Inter-Ministerial meetings to finalise Revised Estimate for Fiscal Year 2022-23 and the first print of Budget Estimate (BE) for Fiscal Year 2023-24 began on October 10 and will continue till November 11. “Finance Ministry officials have not given any hint about allocation cuts, and it seems RE for many Ministries/Departments could be close to or even higher than BE,” a senior government official told businessline.

However, departments and ministries such as Fertiliser and Food will see higher RE as government has already announced increasing the subsidy payout by ₹1.10-lakh crore and ₹44,762 crore. RE for FY23 will be presented along with BE for FY24 as part of new Budget which is likely to be announced on February 1.

Key contributor

The government has provided over ₹39-lakh crore under 102 Demands for Grants related with 55 Central Ministries and Departments in FY23. The Ministry sources said that even after no ‘significant cuts’, and higher allocation for some of Ministries and Departments, government could still manage some savings. “Key contribution will come from new accounting mechanism which is categorised into two – Treasury Single Account (TSA) and Central Nodal Agency (CNA)/Single Nodal Agency (SNA),” he said. These help in better cash management, he said.
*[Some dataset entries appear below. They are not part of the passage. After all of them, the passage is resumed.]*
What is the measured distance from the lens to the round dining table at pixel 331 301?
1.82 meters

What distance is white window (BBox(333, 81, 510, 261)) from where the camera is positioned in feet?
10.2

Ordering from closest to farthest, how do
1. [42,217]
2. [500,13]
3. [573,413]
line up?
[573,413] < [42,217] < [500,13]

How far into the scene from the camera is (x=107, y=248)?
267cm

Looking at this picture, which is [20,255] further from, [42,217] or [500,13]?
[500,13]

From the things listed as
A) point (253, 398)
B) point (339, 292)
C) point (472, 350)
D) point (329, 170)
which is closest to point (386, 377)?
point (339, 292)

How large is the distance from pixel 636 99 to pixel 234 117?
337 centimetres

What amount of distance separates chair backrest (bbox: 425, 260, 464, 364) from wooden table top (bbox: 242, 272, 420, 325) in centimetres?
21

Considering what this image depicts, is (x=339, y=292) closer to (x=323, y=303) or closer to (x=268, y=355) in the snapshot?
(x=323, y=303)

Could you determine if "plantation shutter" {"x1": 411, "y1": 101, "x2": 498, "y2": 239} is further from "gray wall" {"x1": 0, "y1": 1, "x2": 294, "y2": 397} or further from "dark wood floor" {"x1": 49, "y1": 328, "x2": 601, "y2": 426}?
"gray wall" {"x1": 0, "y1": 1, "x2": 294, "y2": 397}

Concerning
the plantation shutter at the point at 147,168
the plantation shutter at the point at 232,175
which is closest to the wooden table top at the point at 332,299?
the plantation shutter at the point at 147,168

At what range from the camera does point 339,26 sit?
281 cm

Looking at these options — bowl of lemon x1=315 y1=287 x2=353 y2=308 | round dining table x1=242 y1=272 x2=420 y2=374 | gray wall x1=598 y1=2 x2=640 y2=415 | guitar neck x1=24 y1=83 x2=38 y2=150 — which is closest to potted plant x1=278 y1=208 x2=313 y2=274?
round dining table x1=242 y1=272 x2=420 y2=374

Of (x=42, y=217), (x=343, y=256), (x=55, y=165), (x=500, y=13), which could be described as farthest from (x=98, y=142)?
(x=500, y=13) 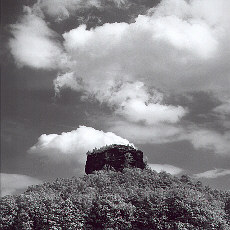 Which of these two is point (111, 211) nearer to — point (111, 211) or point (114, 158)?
point (111, 211)

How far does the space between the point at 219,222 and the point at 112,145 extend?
22977 mm

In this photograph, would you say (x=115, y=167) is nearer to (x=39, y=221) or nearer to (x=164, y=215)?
(x=164, y=215)

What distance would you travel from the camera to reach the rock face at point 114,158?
51.9m

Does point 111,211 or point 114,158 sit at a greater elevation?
point 114,158

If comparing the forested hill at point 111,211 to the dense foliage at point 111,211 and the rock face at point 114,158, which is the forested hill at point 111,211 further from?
the rock face at point 114,158

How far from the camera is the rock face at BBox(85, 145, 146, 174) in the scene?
5188cm

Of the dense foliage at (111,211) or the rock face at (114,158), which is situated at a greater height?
the rock face at (114,158)

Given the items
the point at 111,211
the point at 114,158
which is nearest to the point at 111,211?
the point at 111,211

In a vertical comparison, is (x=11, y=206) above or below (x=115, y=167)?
below

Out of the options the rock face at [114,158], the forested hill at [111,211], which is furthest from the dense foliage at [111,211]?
the rock face at [114,158]

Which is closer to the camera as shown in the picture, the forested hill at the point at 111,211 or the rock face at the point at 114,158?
the forested hill at the point at 111,211

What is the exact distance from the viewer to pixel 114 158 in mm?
52469

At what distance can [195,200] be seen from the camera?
34.5 meters

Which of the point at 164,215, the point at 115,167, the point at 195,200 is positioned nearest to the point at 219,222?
the point at 195,200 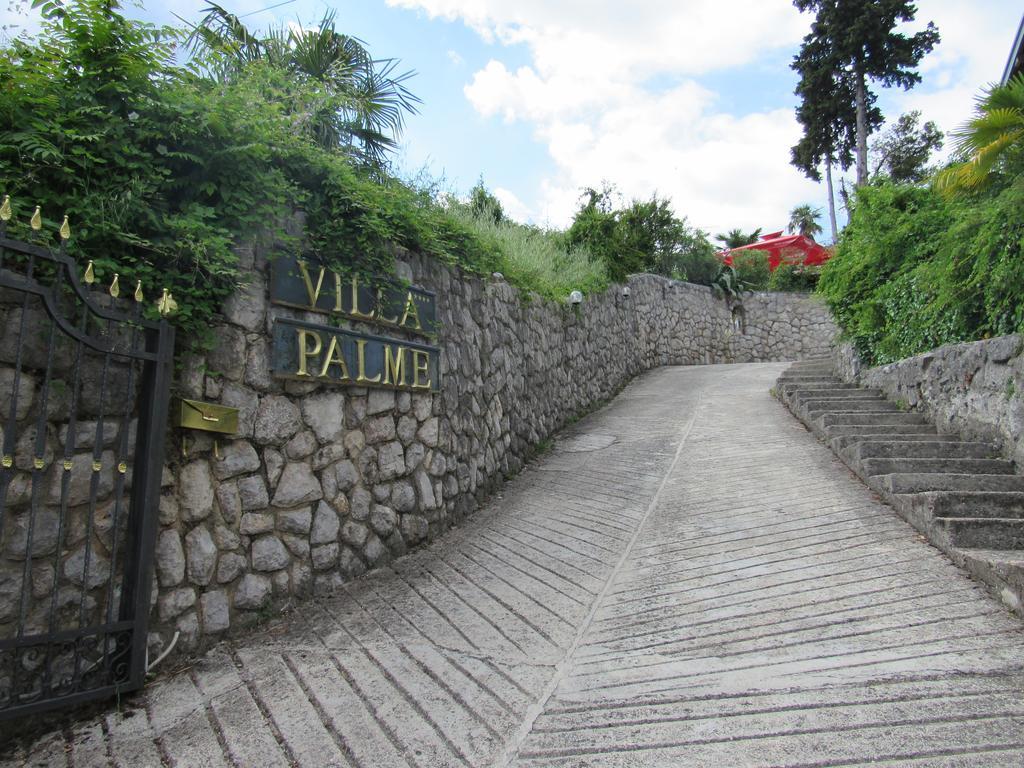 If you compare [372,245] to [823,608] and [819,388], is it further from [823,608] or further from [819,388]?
[819,388]

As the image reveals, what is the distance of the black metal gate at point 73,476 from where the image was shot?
8.63 feet

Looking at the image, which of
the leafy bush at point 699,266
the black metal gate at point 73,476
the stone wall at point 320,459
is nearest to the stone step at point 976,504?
the stone wall at point 320,459

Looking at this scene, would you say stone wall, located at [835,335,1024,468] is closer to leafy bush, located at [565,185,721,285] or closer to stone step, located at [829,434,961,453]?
stone step, located at [829,434,961,453]

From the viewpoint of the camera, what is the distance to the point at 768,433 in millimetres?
8281

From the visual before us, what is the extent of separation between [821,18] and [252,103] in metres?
24.9

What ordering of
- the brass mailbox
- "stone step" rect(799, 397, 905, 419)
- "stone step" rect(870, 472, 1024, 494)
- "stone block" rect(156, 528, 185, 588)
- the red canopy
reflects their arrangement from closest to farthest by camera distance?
1. "stone block" rect(156, 528, 185, 588)
2. the brass mailbox
3. "stone step" rect(870, 472, 1024, 494)
4. "stone step" rect(799, 397, 905, 419)
5. the red canopy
TSA refers to a system where money is in Consolidated Fund of India (CFI) through an account maintained by Reserve Bank of India. The money to various institutions will go only when they are ready to spend and not automatically transferred to their account. Money under TSA, until specified rolling, will lapse on March 31.

CNA is for Central Sector Schemes (which are 100 per cent funded by government) and SNA is for Centrally Sponsored Scheme (which are funded jointly by Centre and States with major share by Centre). Under both the mechanisms, an account is opened with a commercial bank and money is be put from CFI. Now, money will go to recipients only when expenditure takes place and only after meeting certain stipulations. Also, interest earned on funds in these accounts will be collected by the Centre itself, as opposed to the concerned agencies remitting to the Centre.

What govt gets

The official explained that all this will help in reducing float of funds and so overall interest cost will come down. According to budget document for FY23, the government gets around 35 paise out of its receipt of ₹1 from ‘Borrowing and other Liabilities’ while spends 20 paise out of ₹1 spent on interest. Just in time release of fund will help the Centre borrow less and this will save interest, the official said.

Expectation is that overall savings in FY23 could be in the range of ₹80,000 crore.